> _Prompt_: Below is a listing. Return the lines from the one that contains "Adattatore electronic hook-switch" to the one that contains "Uşaq/yeniyetmə otağı üçün", both ends included, verbatim and with no pictures.

> _Data shown_:
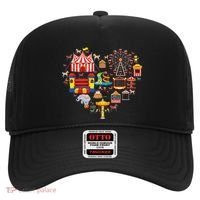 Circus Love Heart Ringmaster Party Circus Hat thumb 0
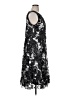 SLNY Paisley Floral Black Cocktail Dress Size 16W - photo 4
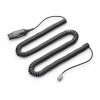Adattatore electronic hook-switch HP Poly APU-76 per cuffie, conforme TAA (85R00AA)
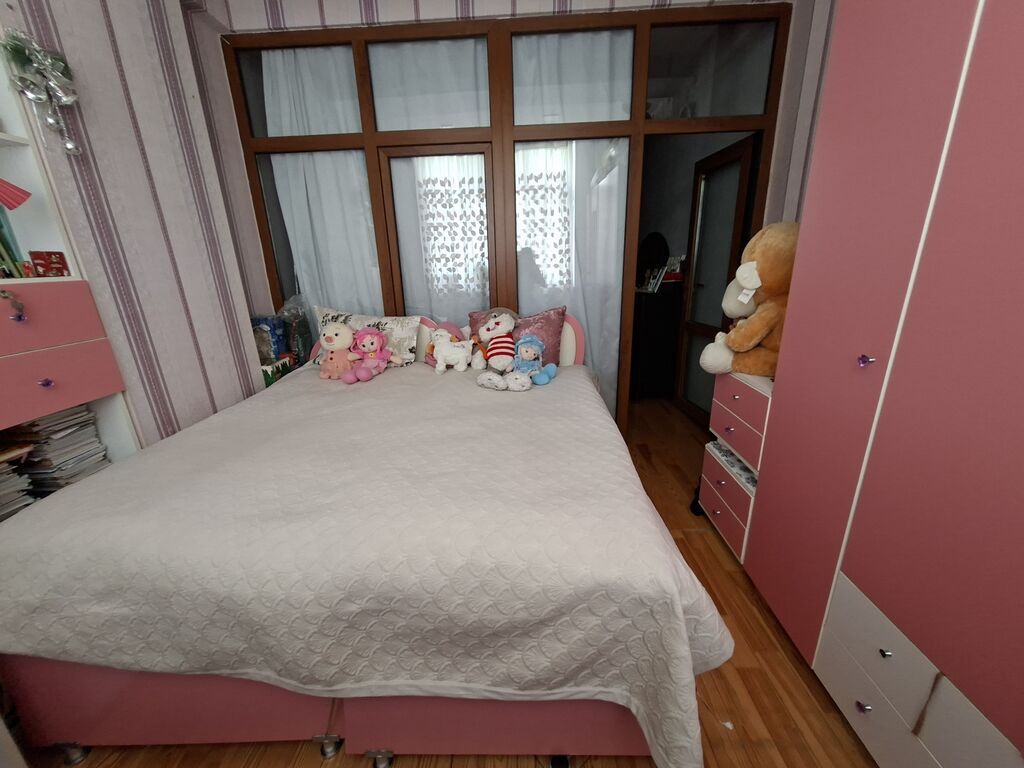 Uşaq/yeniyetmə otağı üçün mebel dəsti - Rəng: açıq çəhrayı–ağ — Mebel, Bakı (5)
---
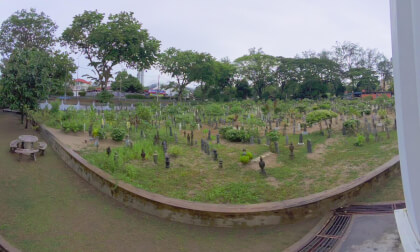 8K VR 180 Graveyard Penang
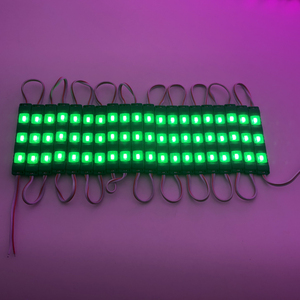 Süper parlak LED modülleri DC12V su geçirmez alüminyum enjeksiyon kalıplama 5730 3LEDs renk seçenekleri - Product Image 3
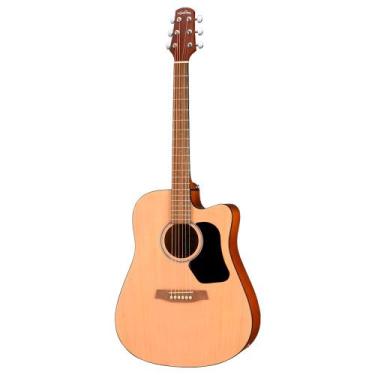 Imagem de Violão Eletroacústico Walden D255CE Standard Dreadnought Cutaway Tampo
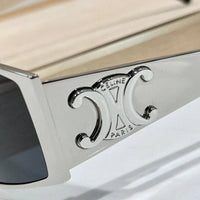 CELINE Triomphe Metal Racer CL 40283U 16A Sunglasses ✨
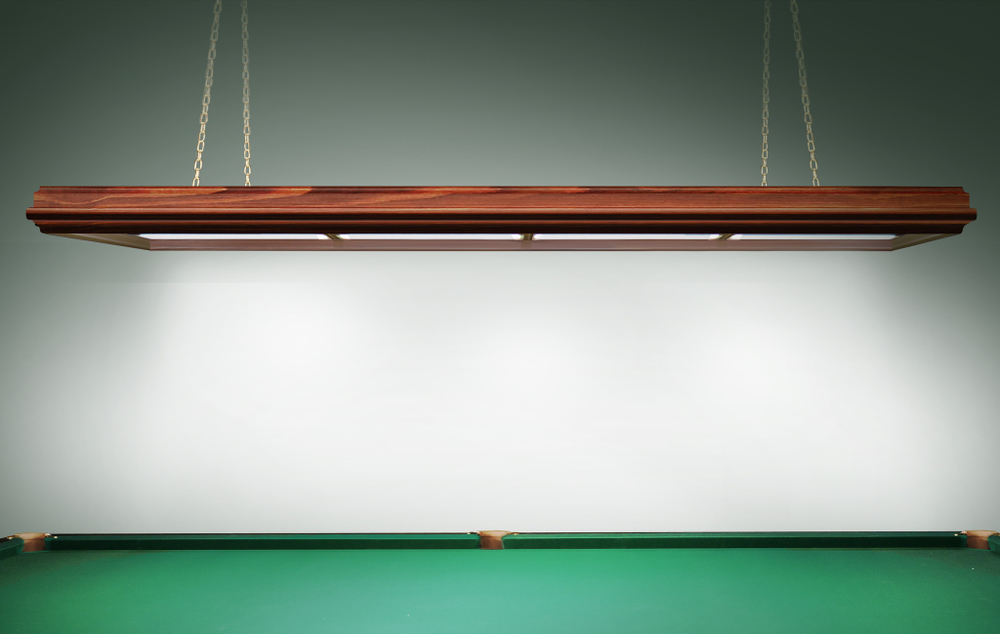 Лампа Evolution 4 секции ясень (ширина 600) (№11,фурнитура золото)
==
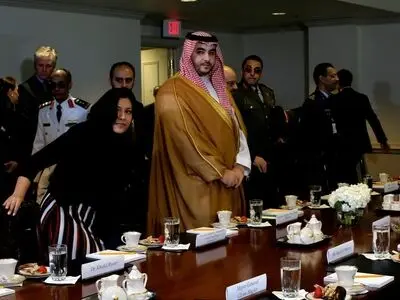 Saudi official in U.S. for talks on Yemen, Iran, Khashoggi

> _Output below_:
Adattatore electronic hook-switch HP Poly APU-76 per cuffie, conforme TAA (85R00AA)
 Uşaq/yeniyetmə otağı üçün mebel dəsti - Rəng: açıq çəhrayı–ağ — Mebel, Bakı (5)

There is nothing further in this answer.